Paul, upon hearing that Joshua had decided to take up his case, was relieved.  He thought to himself, "Even though I have committed the crime, Joshua should be able to let me get away fairly easily since people believe him to be a just and righteous judge.  No matter how strict he is now, he can't possibly ignore our friendship."  He believed that Joshua would put their friendship before justice, but would Joshua do what Paul wished?

For Joshua, this was a major dilemma that seemed to have no easy solution.  If there is enough evidence to convict Paul and he proclaims Paul to be guilty, then he would be betraying their friendship.  If he lets Paul go free or receive less punishment than he deserves, then he would be betraying his conscience and his duty to the state.  Either way, he would have to sacrifice one of his two most respected values -- love and justice.  Is there a way to preserve one without sacrificing the other?  Are love and justice, both virtues, truly in conflict in this case?

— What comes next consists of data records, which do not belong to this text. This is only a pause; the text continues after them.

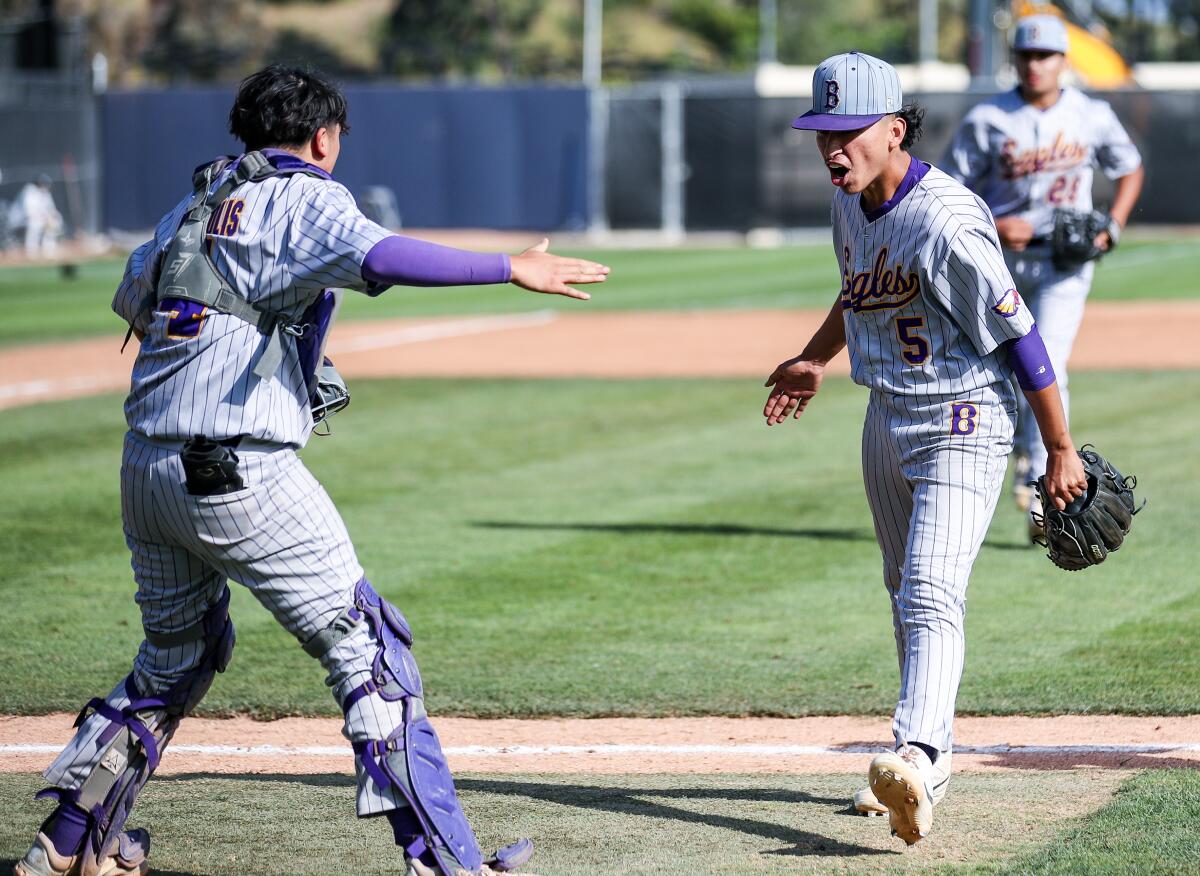 Catcher Nomar Solis prepares to hug pitcher Rigoberto Baltazar after Bell's City Open Division semifinal win.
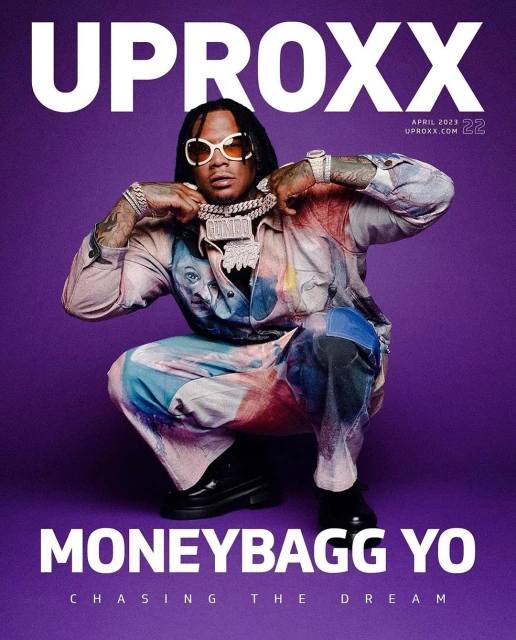 Magazine cover featuring Moneybagg Yo, wearing sunglasses and jewelry, against a purple background with the UPROXX logo at the top.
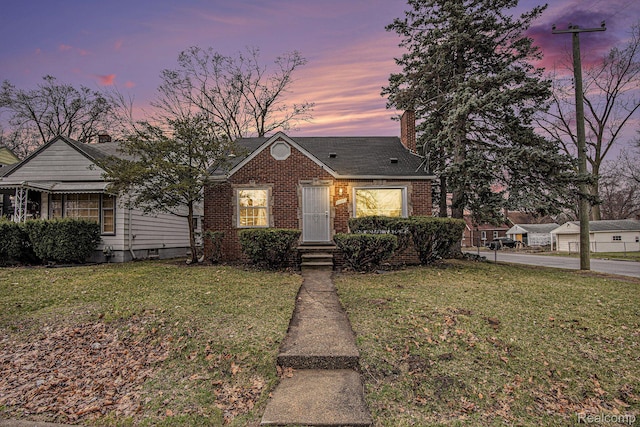 20265 Yonka St, Detroit, MI 48234 - view of front of house featuring brick siding, a front yard, and a chimney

It came time for Joshua to proclaim his judgment on this case, and Paul waited with a bit of trepidation.  He heard from others that Joshua is a very strict judge who enforces the law without compromise.  Whether Joshua would abandon his life-long commitment to justice in favor of his friendship with Paul was unclear to Paul.  As the defendant, he had nothing to offer to Joshua that would sway his decision.  The decision was totally up to Joshua.

Joshua conducted the court in the usual manner.  Paul's guilt is so evident that even Paul realized that he didn't have a chance of being acquitted.  Finally Joshua proclaimed that Paul is guilty as charged, and he gave him the longest jail sentence and largest fine possible for that crime.  Everyone was shocked, especially Paul.  He said to himself, "How could my best friend treat me without mercy?  Even if he is unable to judge me to be innocent, he is at least allowed by the authority given to him to give me a lighter sentence.  Since he is known to be a just judge, no one would have challenged his decision.  Why has he betrayed our life-long friendship?"  Paul couldn't understand why Joshua wouldn't compromise a bit, especially since the compromise wouldn't cost him anything because no one would challenge his decision.

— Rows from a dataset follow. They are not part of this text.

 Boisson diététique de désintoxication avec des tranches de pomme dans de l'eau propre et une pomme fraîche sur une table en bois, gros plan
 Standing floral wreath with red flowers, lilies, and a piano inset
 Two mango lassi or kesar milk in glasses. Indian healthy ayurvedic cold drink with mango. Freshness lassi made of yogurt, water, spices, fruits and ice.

In an unusual move, Joshua walked down from his seat and came to Paul's stand.  He took off his robe and gave Paul two documents.  He said, "By the law of the state as written in chapter 3, section 16, in which it is stated that a person can voluntarily take on the punishment of another, I have volunteered to go to jail for you, my most beloved friend.  I have also sold my house and paid the fines for you.  All you need to do is to sign the two documents of acceptance."  Indeed, Joshua found a solution that allowed him to both fulfill his obligation to the state as a judge and his commitment to his life-long friend.  Justice and love, the two virtues that Joshua values the most, are both fulfilled in this great act of self-sacrifice.

- - - - -
This simple story explains the basic reasons why Jesus came to our world to endure the crucifixion.  Both love and justice are part of his immutable innate qualities that cannot be compromised.  We, however, have failed him and put him in that difficult position.  His sacrifice, which seems totally unreasonable in our view, is actually the only way in which he can save us without compromising his qualities of love and justice.

But the story doesn't end with Joshua giving Paul the two documents -- Paul has to decide whether to accept the offer or not.  If he accepts the offer, then he will not need to waste the rest of his life in jail and live in bondage.  But this also means that he admits to the crime, because he has the right to claim innocence and appeal to the higher court.  The documents are for both acceptance and confession, for without one there cannot be the other.  Although most of us will not face what Paul faced, all of us have to face the decision on whether or not to accept Jesus Christ as your personal savior.  Unlike Joshua's offer, Christ's sacrifice is already done and your acceptance will not cost Jesus Christ anything more.  Are you willing to accept this free gift, the sacrifice that fulfilled both the love and the justice of God?